Log4cxx is slow when used without critical section

Question

EDIT:

OK, I had mistaken the timings by a factor 1000 so I was thinking the logger was not outputting anything.

What you are witnessing is the cost of the condition variable hidden beneath the log dispatcher thread.

You can read this excellent analysis if you want to go into more details.

Basically, when you synchronize the printer task before calling the logger, all the printers will queue on your own lock and the logger will be called more efficiently.

If your printers are accessing the logger asynchronously, there will be more occurences of the logger finding there is no work to be done after finishing the last output, so the logger thread will go to sleep on the condition variable, which will consume more CPU when the next printer has to wake the logger.
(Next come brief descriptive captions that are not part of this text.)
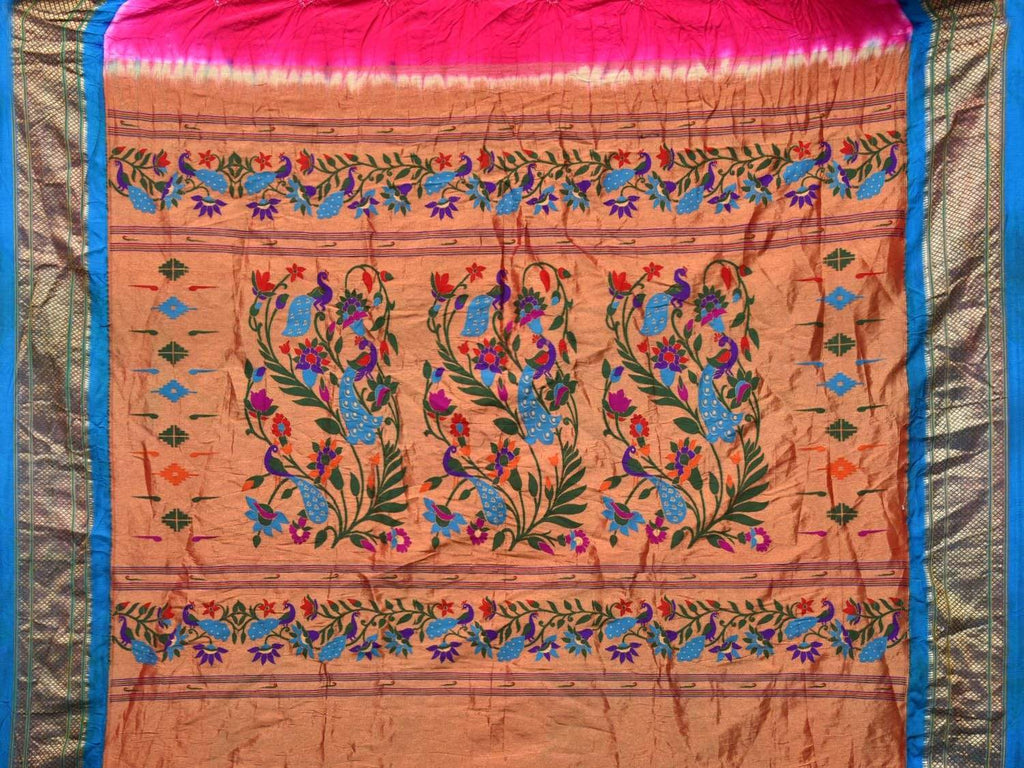 Pink Bandhani Paithani Silk Handloom Saree with Pallu Design bn0185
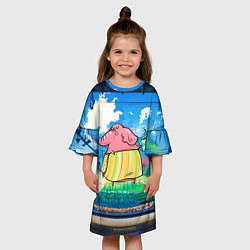 Платье клеш для девочки Слониха с кофе, цвет: 3D-принт — фото 2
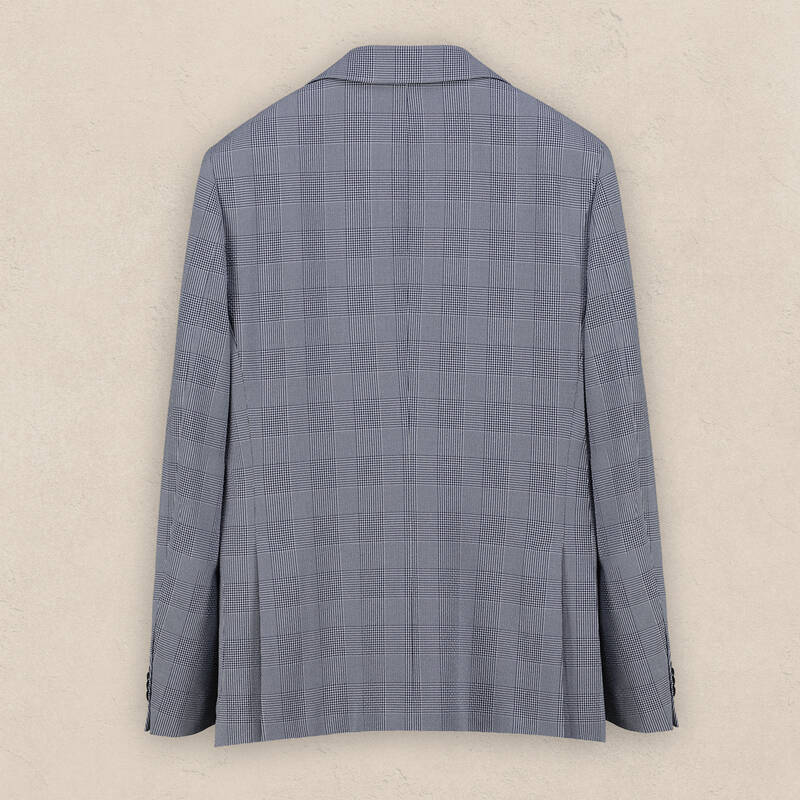 Mata Kareli Koyu Mavi Ceket - 4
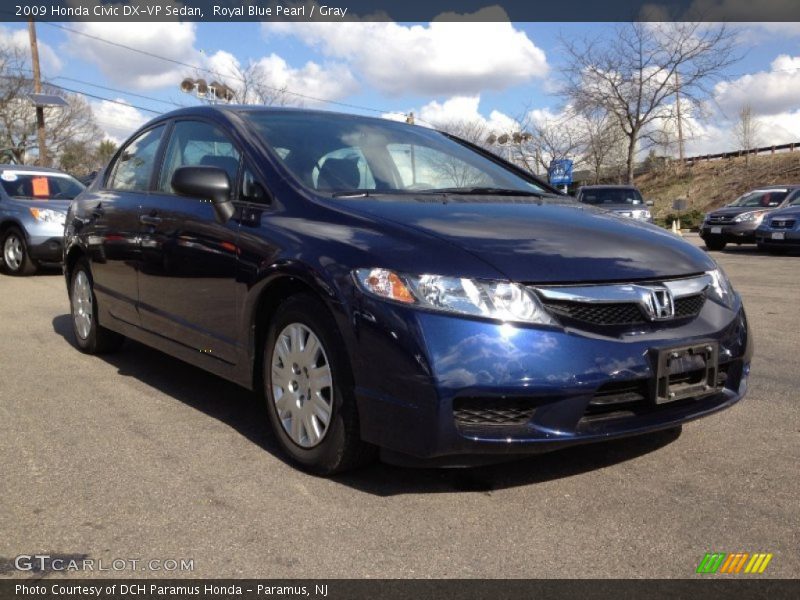 Royal Blue Pearl / Gray 2009 Honda Civic DX-VP Sedan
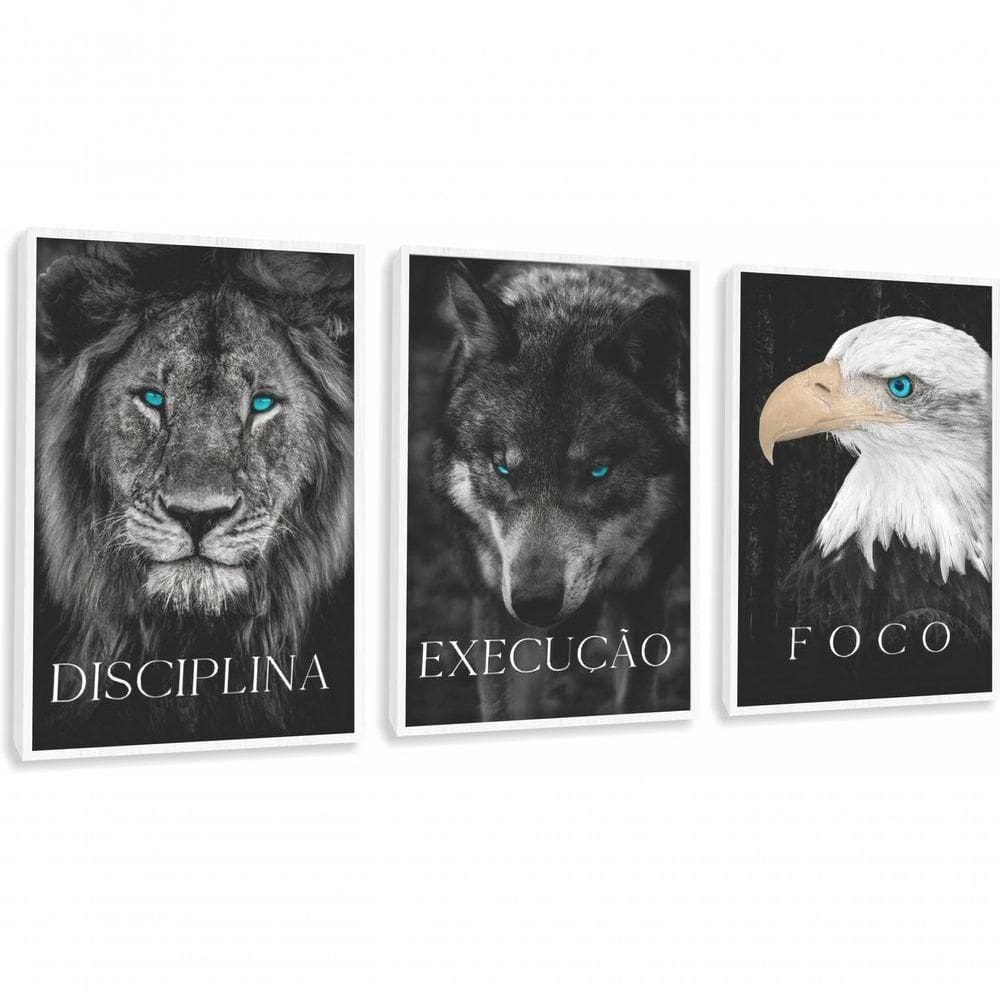 Quadros Decorativos Disciplina Execução Foco Com Moldura Branco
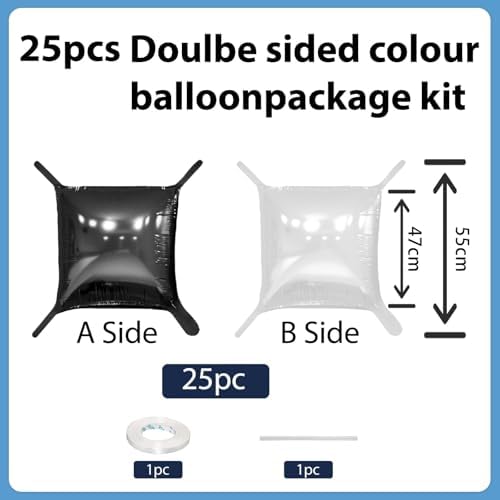 25PCS Black Pearl White Square Foil Balloons Wall Backdrop - Image 2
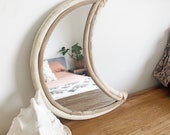 Timber Moon Mirror Wooden Bohemian Coastal Homewares Luna Wall Hanging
See this sample program that emulates a barebone waiting queue implemented with condition variables.
Here the logger thread queue has a length of 1, but when you stuff thousands of messages into the system, the queue of the real logger will be filled to the brim in no time, so most of your test program will run with a saturated queue, thus reproducing the conditions in this small example.

#include <mutex>
#include <condition_variable>
#include <thread>
#include <ctime>
#include <vector>
#include <iostream>

#define thread_count 100
#define log_count 600000/thread_count

const char * pending;
bool kill = false;
std::mutex              lock;
std::condition_variable work;
int logger_waits;
void logger (void)
{ 
    // process requests
    for (;;)
    {
        std::unique_lock<std::mutex> waiter(lock);
        while (pending == nullptr && !kill)
        {
            logger_waits++;
            work.wait(waiter);
        }
        if (kill) break;
        std::cout << pending << std::endl;
        pending = nullptr;       
    }
}

void console_log (const char * format)
{
    std::unique_lock<std::mutex> waiter(lock);
    pending = format;
    work.notify_one();
}

void printer1(void)
{
    for (int i = 0; i < log_count; i++)
    {
        console_log("Logging check");
    }
}

std::mutex m_guard;
void printer2(void)
{
    for (int i = 0; i < log_count; i++)
    {
        std::unique_lock<std::mutex> waiter(m_guard);
        console_log("Logging check");
    }
}

int bench (void (*printer)(void))
{
    std::vector<std::thread> printers;
    printers.resize(thread_count);
    logger_waits = 0;

    clock_t start =clock();

    for (int i = 0; i != thread_count; ++i)
        printers[i] = std::thread(printer);

    for (int i = 0; i != thread_count; ++i)
        printers[i].join();

    return (clock()-start)/(CLOCKS_PER_SEC/1000);

}

int main(int argc, char **argv)
{  
    std::thread logthread (logger);

    int time2 = bench (printer2);
    int lw2 = logger_waits;
    int time1 = bench (printer1);
    int lw1 = logger_waits;
    fprintf (stderr, "\n   lock : %d ms %d waits\n", time1, lw1);
    fprintf (stderr,   "no lock : %d ms %d waits\n", time2, lw2);

    kill = true;
    work.notify_one();
    logthread.join();

    return 0;
}

typical output:

   lock : 3940 ms 183 waits
no lock : 4820 ms 16093 waits

All this being said, this test case does not reflect the proper use of a log system. It is meant to output a few messages at a time, so that the main application is never slowed down by log outputs.